_Given data_

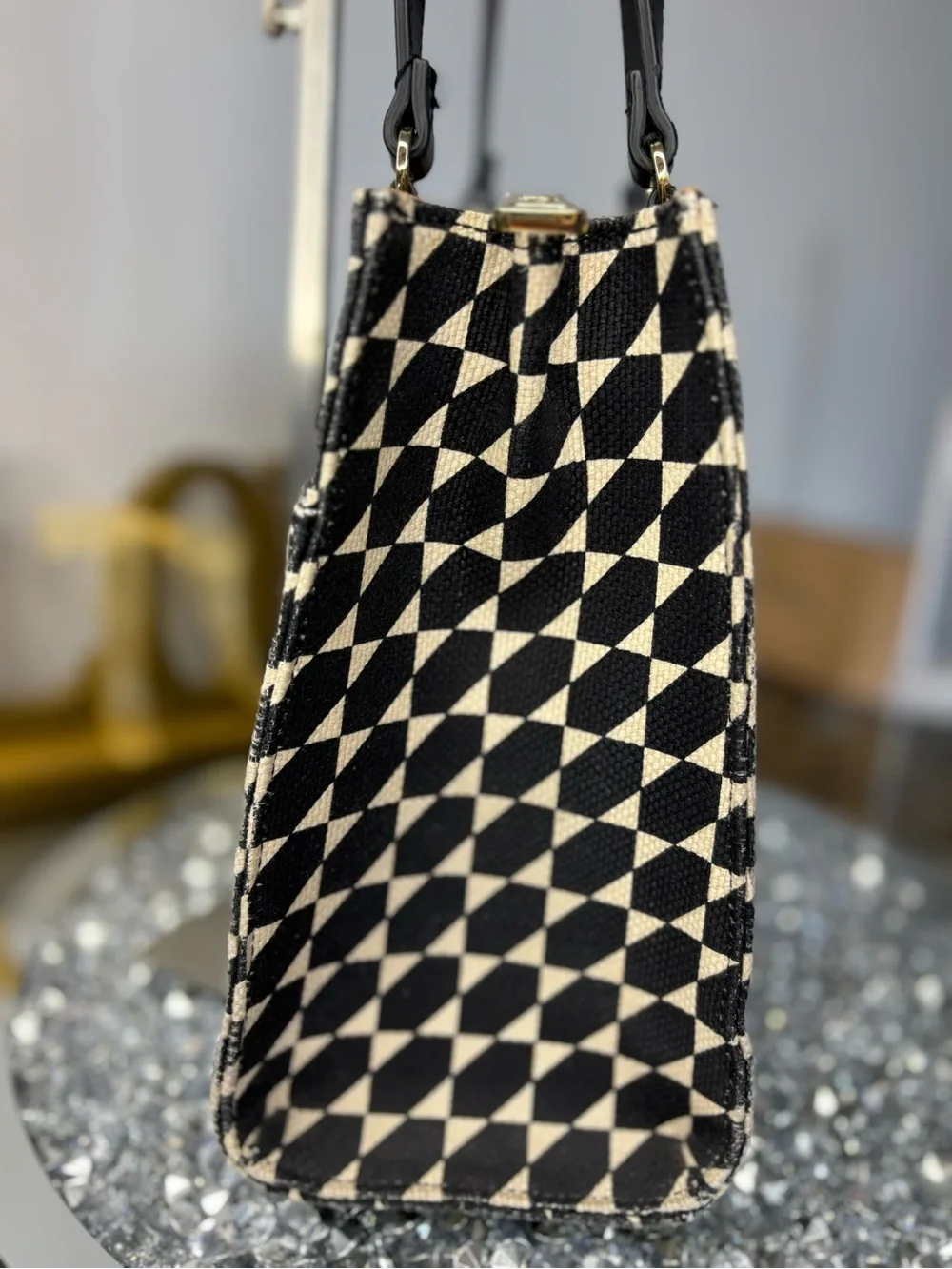Spartina 449 Black and Cream Geometric Tote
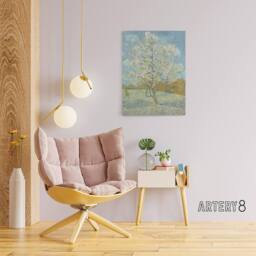 "Artery8 Van Gogh The Peach Tree Canvas Wall Art Print in Blue - Size: W18"" x H24""" - thumbnail 3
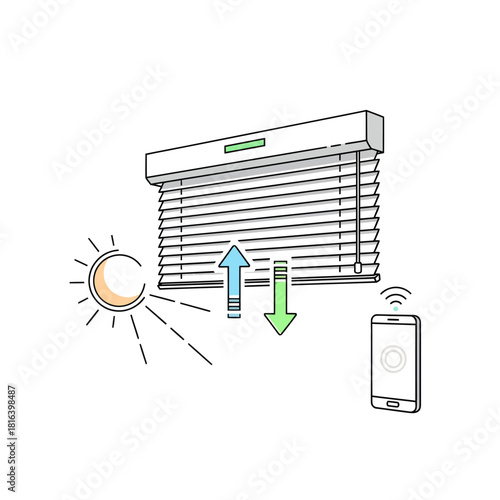 Smart home automation with automated window blinds controlled by smartphone for modern, convenient living, enhancing lifestyle and home technology integration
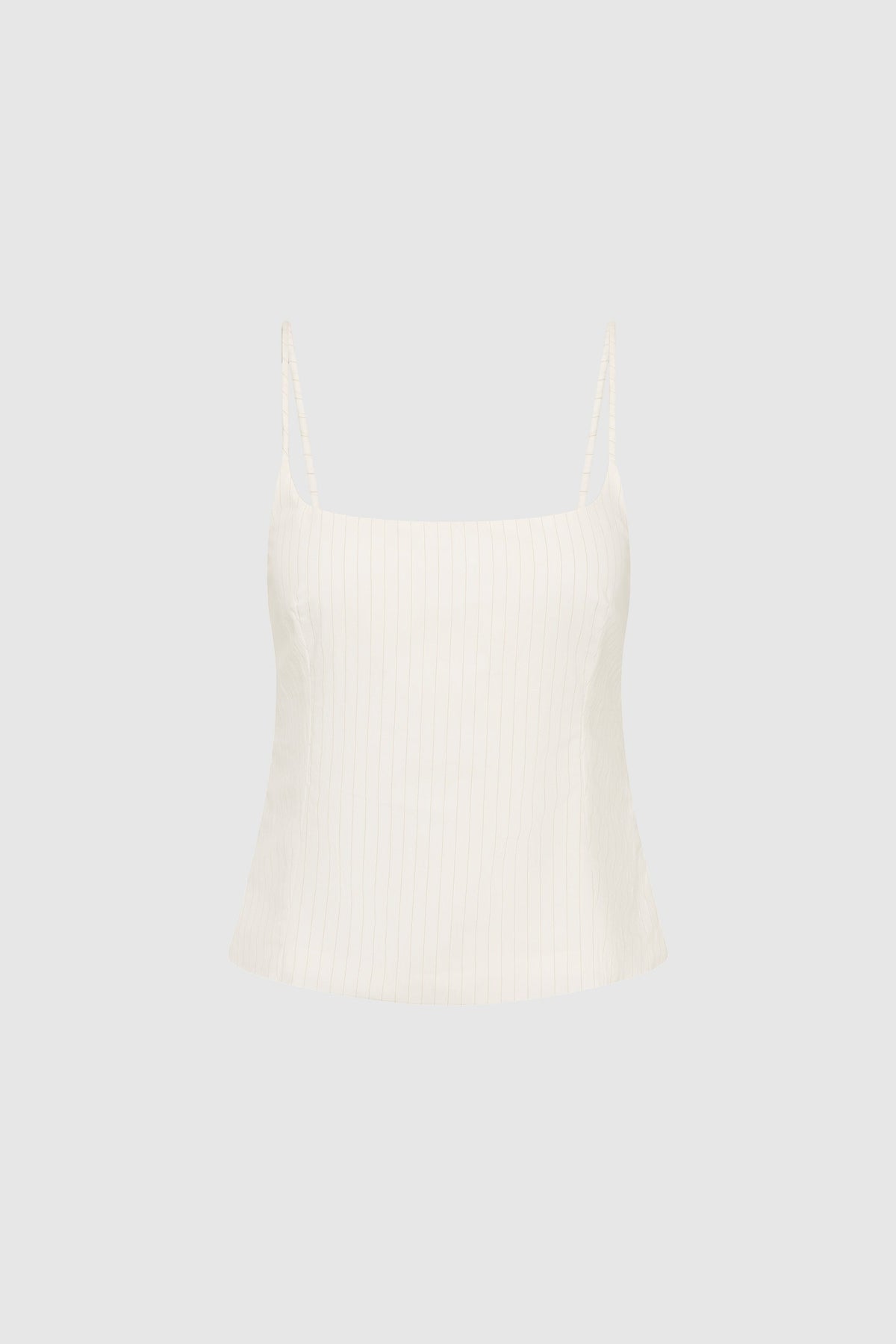 Pinstripe Cami - White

_Work task_
Give back the material word for word, without images.

_Result below_
Spartina 449 Black and Cream Geometric Tote
 "Artery8 Van Gogh The Peach Tree Canvas Wall Art Print in Blue - Size: W18"" x H24""" - thumbnail 3
 Smart home automation with automated window blinds controlled by smartphone for modern, convenient living, enhancing lifestyle and home technology integration
 Pinstripe Cami - White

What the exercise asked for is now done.